Se c’è un film di David Cronenberg a cui The Shrouds può essere affiancato, è Crash. Non ne ha per nulla la concentrazione sul visivo e sul morboso, anzi questo è un film di dialoghi, parole e complotti, ma ne ha la stessa identica fascinazione per la morte. Se lì era proprio il momento del trapasso, la morte violenta in auto, qui è la morte nel senso di cadavere, il corpo tumulato (shroud significa sudario). In un’immagine iniziale eccezionale Vincent Cassel (truccato e pettinato per sembrare Cronenberg stesso) sottoterra vede la moglie seppellita e grida. È un sogno (uno dei molti del film) che sta facendo sulla sedia del dentista, stimolato dalla memoria dentale, gli viene detto in uno spunto che il film non raccoglie. Ma questo, come detto, è tutto un film di teoria assurde e complotti che non è mai chiaro se esistano o no.

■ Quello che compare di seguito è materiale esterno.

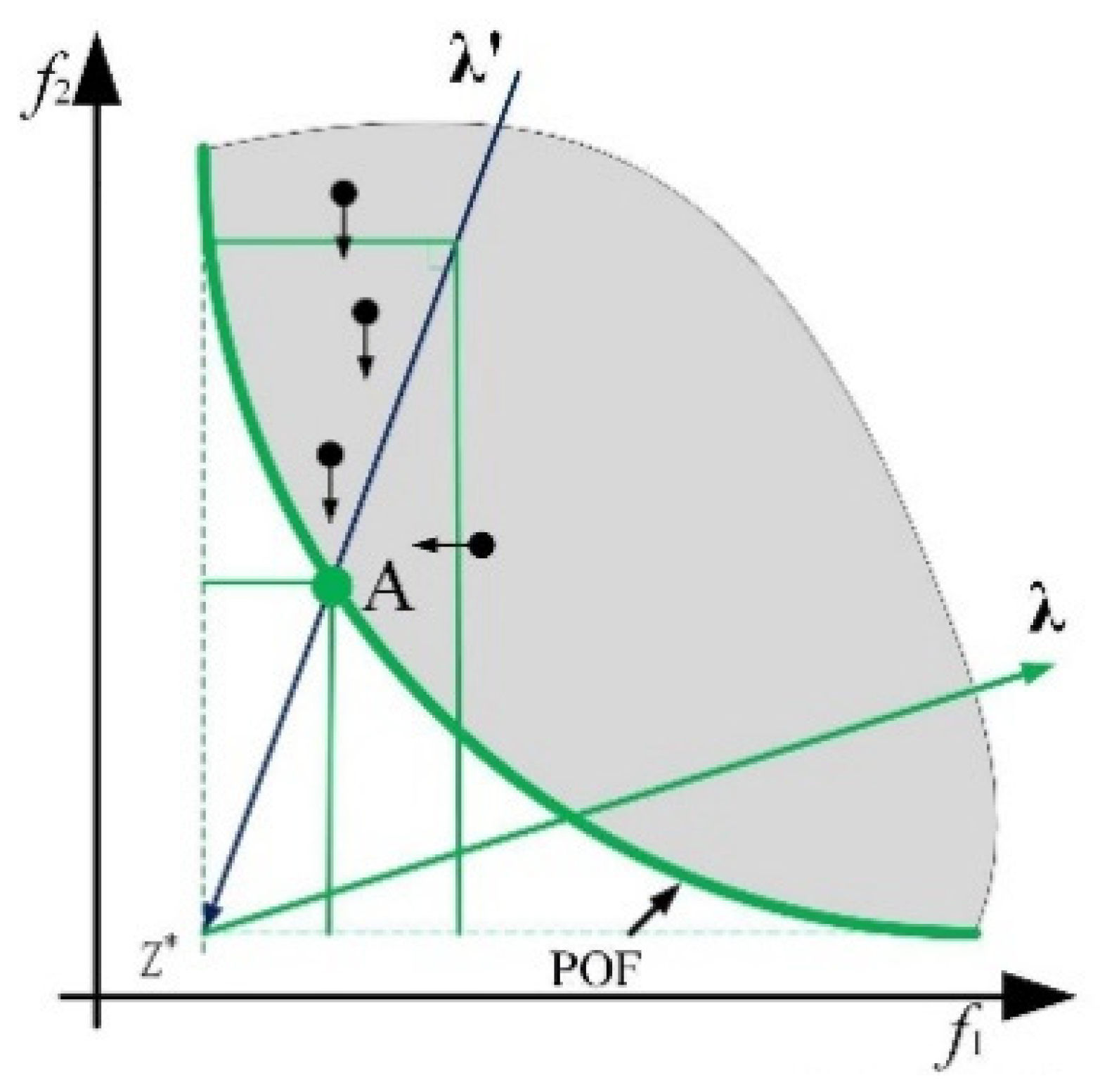 Sustainability 14 02555 g001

Il più grande è quello dietro all’attacco vandalico subito dalla proprietà di quest’uomo, un cimitero tecnologico, in cui i cadaveri possono essere guardati dalla superficie, tramite uno schermo e una tecnologia particolari. Ci sono degli attivisti che protestano contro la tecnologizzazione della sepoltura, e quindi sono i primi indiziati per l’azione. Nei giorni che seguono un informatico diventato hacker, la sua ex moglie, una donna non vedente e altre persone gireranno intorno a questo protagonista sempre spaesato ma determinato a capire cosa sia successo al suo cimitero, funestato da sogni terribili della moglie deceduta con il fisico pieno di cicatrici che diventano fantasie erotiche, massacrando la sua psiche.

Forse è solo lui a vedere nell’ex moglie dell’hacker il ritratto della sua. Forse è solo lui a sentire nella IA che gli fa da segretaria la voce della moglie (sempre Diane Kruger in tutte e tre le parti), forse insomma è lui a immaginare tutto, incluso il fatto che le ossa producono una specie di protrusione, come dei cancri post-mortem. Per la prima volta l’impressione è che questa impostazione tipica per Cronenberg (la psiche, la perversione, il legame con il sesso, il corpo come generatore di misteri e protrusioni) trovi un interprete dolce. Vincent Cassel è bravissimo e con questo personaggio crea un uomo fragile (raro nei film di Cronenberg), uno che mentre indaga è spiazzato e dà l’impressione di essere spaiato, rimasto solo senza moglie e come mutilato dentro.

Non aiuta che intorno a lui le ipotesi di complotto si avvicendino una dopo l’altra, fino alla totale confusione. Si capisce chiaramente che quello è uno dei punti forti del film, ma The Shrouds non lo sviluppa con la medesima pregnanza con cui, ancora una volta (sempre e comunque), un film di Cronenberg trova il suo senso quando si rifugia nei classici, quando introduce una donna che si eccita a sentire complotti (idea fenomenale), quando mette in relazione il corpo rotto, pieno di cicatrici e fragile con il sesso e le solite forme peculiari di eccitazione. L’impossibilità di leggere la realtà in uno scenario in cui tutto viene accusato di essere un complotto è così un tema accennato, così poco messo in relazione con il resto del film e soprattutto così ordinario nella sua formulazione, mettendo in mezzo russi, cinesi, hacker, doppi e tripli giochi, la sorveglianza e gli inganni informatici, che non rende giustizia al genio di David Cronenberg.